Implications for the NHS
Substantial general practitioner workforce growth is unlikely to be achievable in the near future, making consideration of alternative models of primary care essential. Pharmacists integrated into general practices can be seen to offer a practical solution, with the potential to reduce general practitioner workload and improve access, while at the same time improving quality.

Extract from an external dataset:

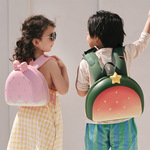 Дышащий школьный рюкзак, детский ранец, защита позвоночника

The reported success of a recent pilot programme in improving health outcomes and access to care 26 has led to expansion of this initiative. National Health Service England is investing £100 m to support 1500 clinical pharmacists to work in general practice by 2020–2021 in addition to over 490 pharmacists already working in general practice as part of the initial pilot scheme. 27 There are important implications for training and support for the new general practitioner pharmacist workforce; there will be a need for clarity in their role, with uniformity across areas and practices, and definition of competencies for their new extended activities. Promotion of the role of pharmacists will also be important, among other healthcare professionals as well as the public, to increase awareness and understanding of their expertise.
Increasing numbers of pharmacists in primary care will provide useful information, with a clear opportunity for research systematically to assess benefits and impact on safety, quality and access. The cost-effectiveness of any planned integration of pharmacists into general practice will be crucial, as will evidence about impact on clinical outcomes and patient satisfaction.